Foto: Frank Schwaiger | Bodo Wartke.
Alice Natter
 |  aktualisiert: 03.12.2019 10:08 Uhr

Halten wir fest: In ein Wohnzimmer passen locker 1000 Leute. Oder andersrum: Der etwas funktional-biedere Frankonia-Saal des Congress Centrum Würzburg kann tatsächlich wohlig warm und fast gemütlich wirken. Wenn Bodo Wartke, der Kabarettist am Klavier, nämlich Teppich, Stehlampe, Sessel und Zimmerpalme mit auf die Bühne bringt. Und, so wie am Samstag, Freunden und Fans und solchen, die es an diesem Abend bestimmt werden, neue Lieder vorspielt.

Tastenritte eines Klavierkavaliers

Halten wir auch fest: Bei dem Berliner, der mal zwei Semester Physik und zehn Semester Musik studiert hat, lernt man was fürs Leben. Zum Beispiel das: „Wer liebt riskiert zu leiden. Wer nicht liebt, leidet schon.“ Ja, die Liebe. Auf bewährte Weise widmet sich der Kabarettist mit den flinken Finger, der Pianist mit der flotten Zunge, Gefühlsbelangen und mehr oder weniger intensiven Begegnungen zwischen Mann und Frau. Als Kavalier-Kavallerie reitet er über die Tasten und huldigt mit dem tückischen Bach'sche Präludium Nr. 2 in c-moll einer wahrlich Leiden-schaftlichen Lebensgefährtin von einst . . .

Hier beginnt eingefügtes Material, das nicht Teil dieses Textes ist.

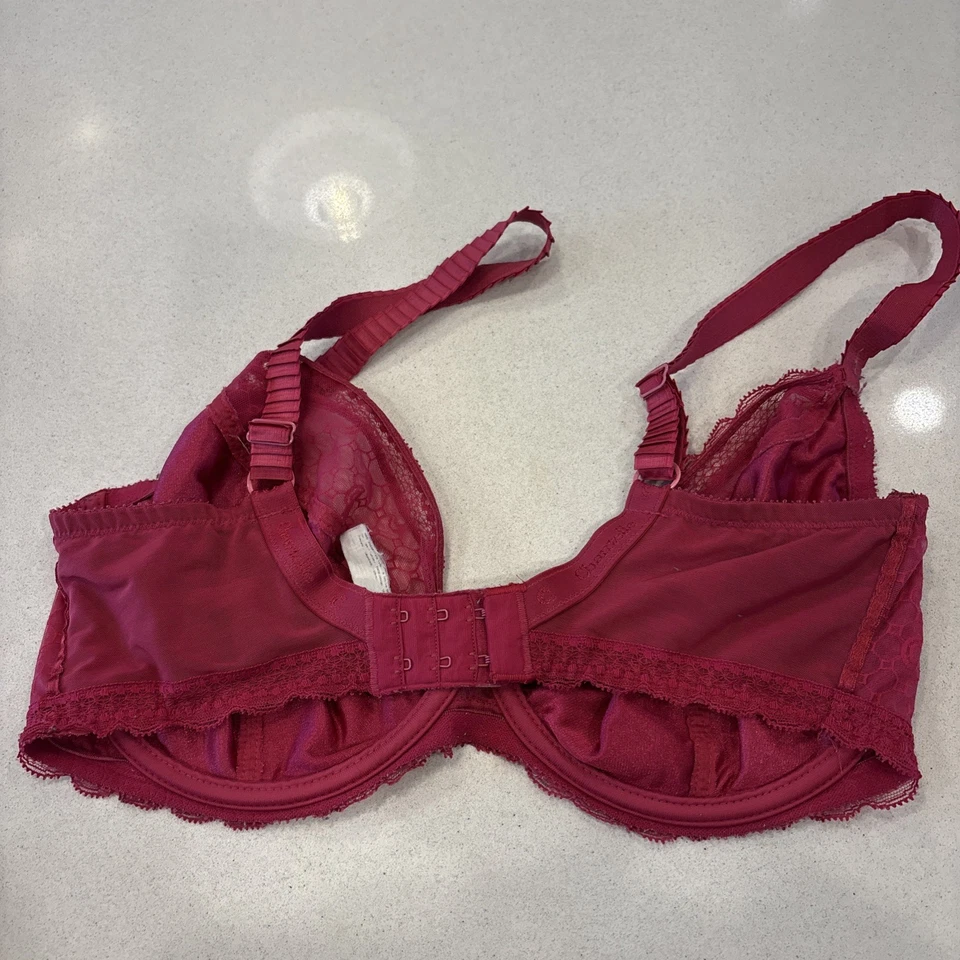 Sujetador Chantelle C36410 Talla 34DDD Con Aros Encaje Rosa Foto 4 de 4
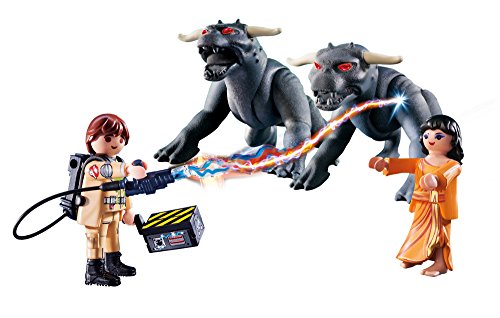 CAZAFANTASMAS-Venkman y Terror Dogs Playset de Figuras de Juguete, Multicolor, 7,2 x 14,2 x 18,7 cm Playmobil 9223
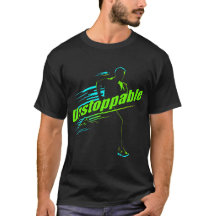 “Unstoppable” Runner Graphic T-Shirt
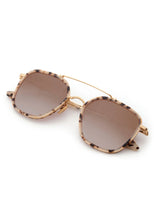 Austin Sunglasses | 24K Titanium + Matte Oyster Mirrored
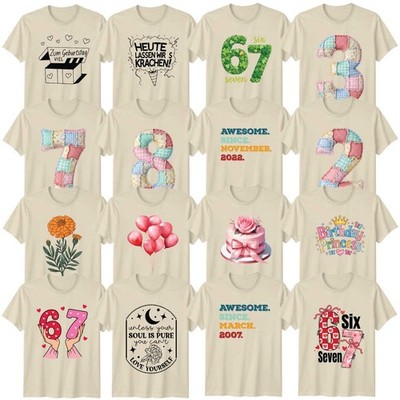 Retro Geburtstag Erwachsene T-Shirt Deutsch Party Feier Geburtstag Geschenk
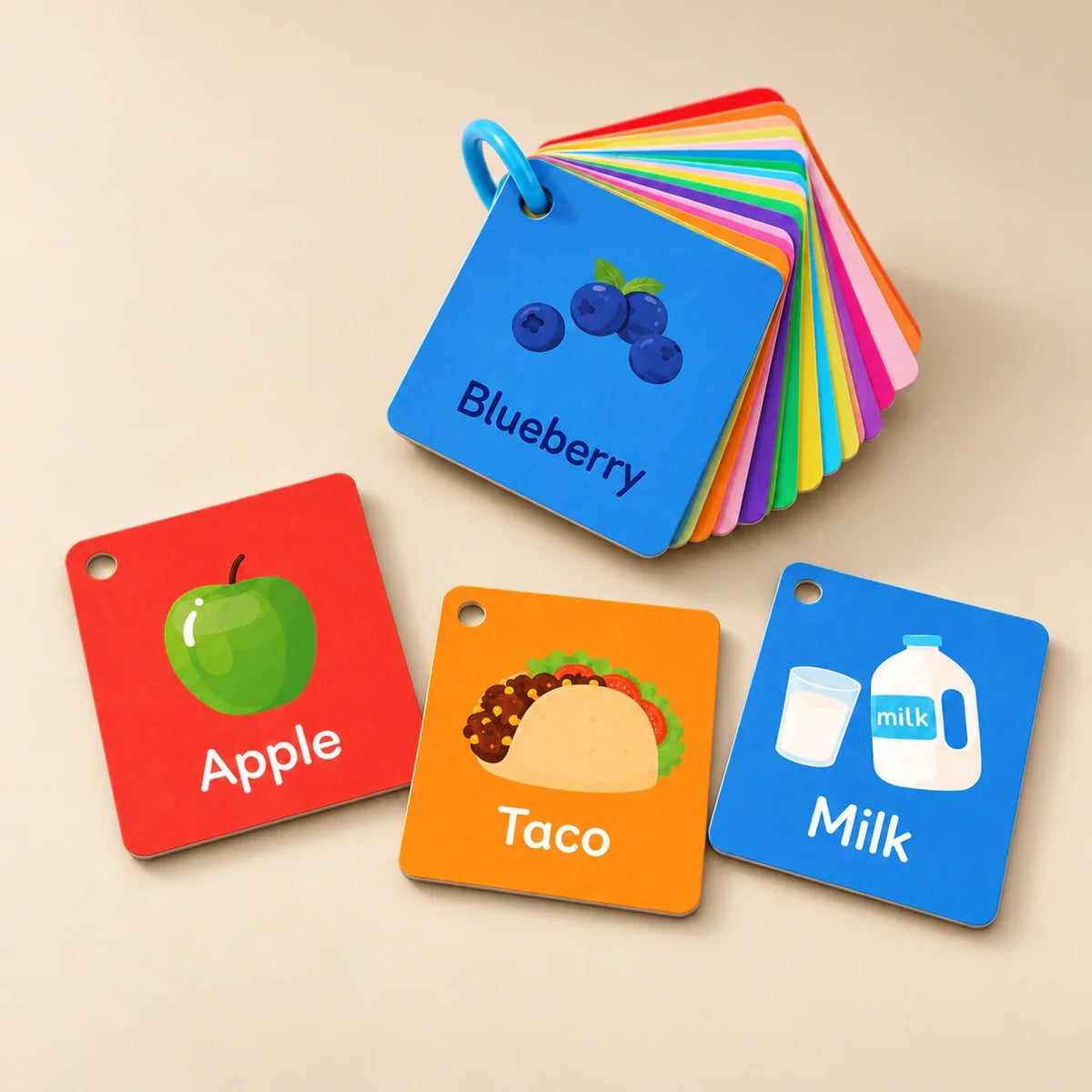 TibaToes™ Food Friends Flashcards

Wie gut, dass der 40-jährige Alleinunterhalter, der so spitzbübisch lächeln kann, heute nicht mehr an Sehnenscheidenentzündung leidet („Soweit ich weiß, ich sie jetzt mit einem Informatiker zusammen.“) Gut deshalb, weil Bodo Wartke sonst nicht so innig, schön und verführerisch beweisen könnte, dass Blues deshalb Blues heiß, weil er irgendwie beim Öffnen der Bluse endet.

Nach der Pause: Musikunterricht! Am Beispiel der Zauberflöte belegt Wartke, dass es bei Opern – einer Musikgattung irgendwo zwischen Opa und Au-pair – besser ist, wenn die Sängern so nuscheln, dass man nichts versteht. Im Sessel sitzend trägt er stoisch Emanuel Schikaneders Originaltext der Rachearie vor. Was soll man sagen? „Ein belangloser, beknackter Text wird durch die Musik scheinbar bedeutungsvoll. Das Phänomen kennt man heute noch durch Helene Fischer.“

Wenn nur allen die Arbeit so viel Vergnügen bereiten würde

Halten wir auch fest: Bodo Wartke kann sehr ernst. Im gedimmten Licht macht er sich aus aktuellem Anlass Gedanken zum Zeitgeist und singt in einer Sozialballade ein Plädoyer auf Besonnenheit, Anstand, Demokratie, Gerechtigkeit und Vernunft. Zum Schluss dann das Lied, das Wartkes aktuellem Programm den Titel gibt: „Was, wenn doch?“ Wenn es doch geht, dass alle nur täten, was sie lieben? Wenn Vergnügen schon bei der Arbeit anfangen darf, so wie bei ihm?

Riesenapplaus im fast ausverkauften Wohnzimmer, Verzeihung: Saal. Und zwei grandios lustige Zugaben über Beatboxen und Insektensterben, bei denen Wartke seine ganze Musikalität (und Aggression) an einer Holzkiste auslässt. Dann noch ein Gute-Nacht-Lied. Stehlampe aus.